Commentaires composés | Musset | Théâtre

Musset, Lorenzaccio, acte II, scène 3
LE CARDINAL, seul — Oui, je suivrai tes ordres, Farnèse !

 Musset, Lorenzaccio, acte II, scène 3

 

LE CARDINAL, seul — Oui, je suivrai tes ordres, Farnèse ! Que ton commissaire apostolique s’enferme avec sa probité dans le cercle étroit de son office, je remuerai d’une main ferme la terre glissante sur laquelle il n’ose marcher. Tu attends cela de moi, je l’ai compris, et j’agirai sans parler, comme tu as commandé. Tu as deviné qui j’étais lorsque tu m’as placé auprès d’Alexandre sans me revêtir d’aucun titre qui me donnât quelque pouvoir sur lui. C’est d’un autre qu’il se défiera, en m’obéissant à son insu. Qu’il épuise sa force contre des ombres d’hommes gonflés d’une ombre de puissance, je serai l’anneau invisible qui l’attachera, pieds et poings liés, à la chaîne de fer dont Rome et César tiennent les deux bouts. Si mes yeux ne me trompent pas, c’est dans cette maison qu’est le marteau dont je me servirai. Alexandre aime ma belle-sœur : que cet amour l’ait flattée, cela est croyable ; ce qui peut en résulter est douteux ; mais ce qu’elle en veut faire, c’est là ce qui est certain pour moi. Qui sait jusqu’où pourrait aller l’influence d’une femme exaltée, même sur cet homme grossier, sur cette armure vivante ? Un si doux péché pour une si belle cause, cela est tentant, n’est-il pas vrai, Ricciarda ? Presser ce cœur de lion sur ton faible cœur tout percé de flèches saignantes, comme celui de saint Sébastien ; parler, les yeux en pleurs, pendant que le tyran adoré passera ses rudes mains dans ta chevelure dénouée ; faire jaillir d’un rocher l’étincelle sacrée, cela valait bien le petit sacrifice de l’honneur conjugal, et de quelques autres bagatelles. Florence y gagnerait tant, et ces bons maris n’y perdent rien ! Mais il ne fallait pas me prendre pour confesseur.

 

            La voici qui s’avance, son livre de prières à la main. Aujourd’hui donc tout va s’éclaircir ; laisse seulement tomber ton secret dans l’oreille du prêtre : le courtisan pourra bien en profiter ; mais, en conscience, il n’en dira rien. (Entre la marquise de Ciba.)

 

 Extrait du corrigé :

Lorenzaccio : célèbre pièce de théâtre d’Alfred de Musset écrite en 1834, sur une idée de George Sand Une conspiration en 1537.

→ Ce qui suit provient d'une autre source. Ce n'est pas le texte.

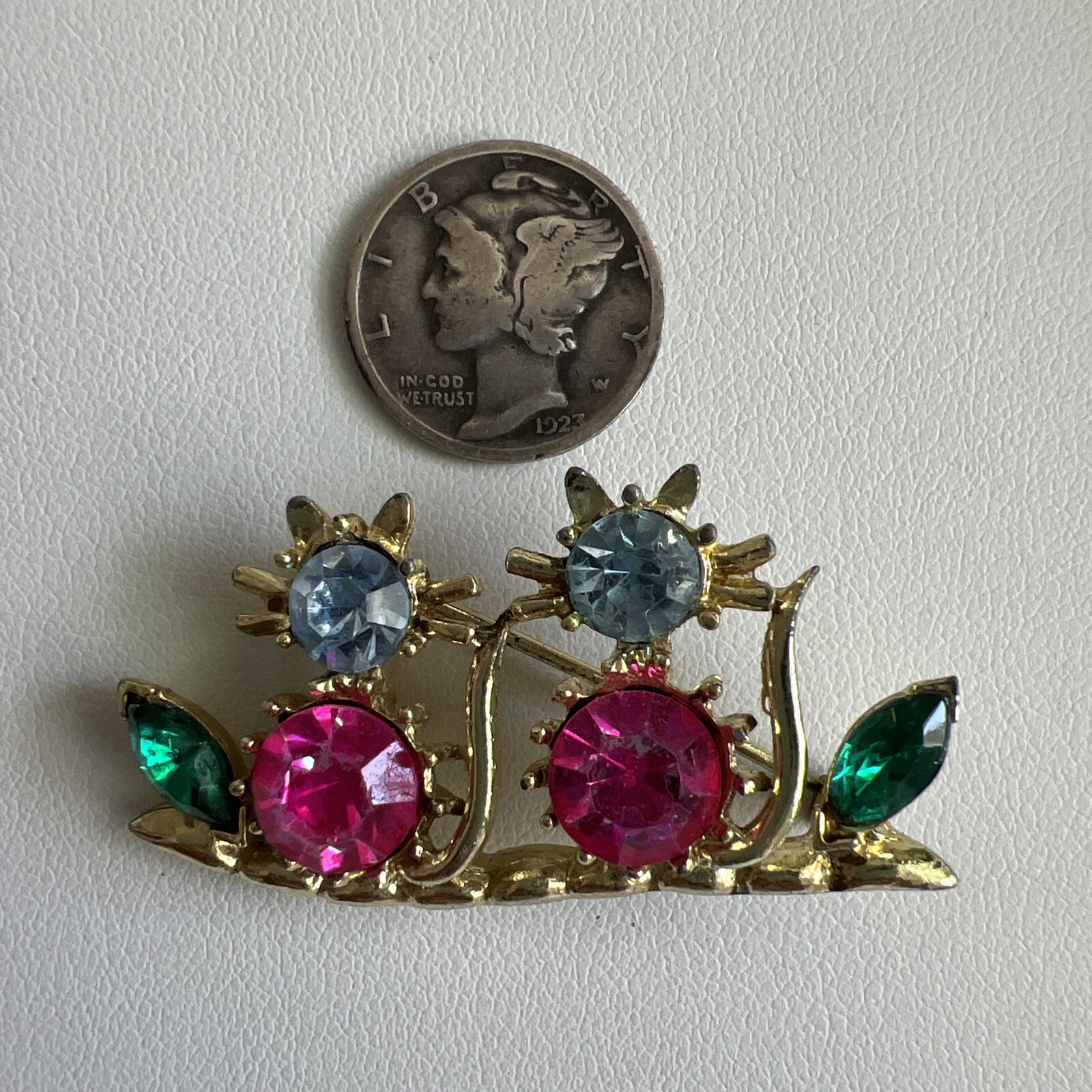 Vintage Pink, Emerald Green & Light Blue Rhinestone Cat Pin Brooch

L’intrigue de la pièce est reprise d'événements réels racontés dans une chronique de la Renaissance sur la vie de Florence au XVIe siècle la Storia fiorentina de Varchi.

 

Drame romantique (le seul qui ait encore de nos jours un véritable succès).

Lorenzo : héros romantique.

 

Acte II, scène 3 : Le cardinal Cibo s’apprête à entendre la marquise en confession.

 

NB : Simon Jeune, dans l’édition de la Pléiade, définit ainsi le Cardinal : « Musset trouve une cible de choix dans ce prélat de la Renaissance, politicien, familier des antichambres ou des alcôves. Tant avec la marquise qu’avec les courtisans après le meurtre, il est celui qui se sert des autres et les manipule, tortueusement, pour parvenir à son but. Et l’on ne sait trop s’il œuvre dans l’intérêt de la politique pontificale ou plutôt à des fins très personnelles. Dans cette affaire où il n’y a guère que des vaincus et des bernés, il est le seul vainqueur et l’organisateur de la victoire. »

 

Comment dans ce monologue, le cardinal Cibo apparaît-il ?

 

 

I- Un espion

            A- Le cardinal soumis ?

• Montrez que dans ce monologue, le cardinal fait comme s’il adressait à Farnèse

Cf. les marques de deuxième personne du singulier.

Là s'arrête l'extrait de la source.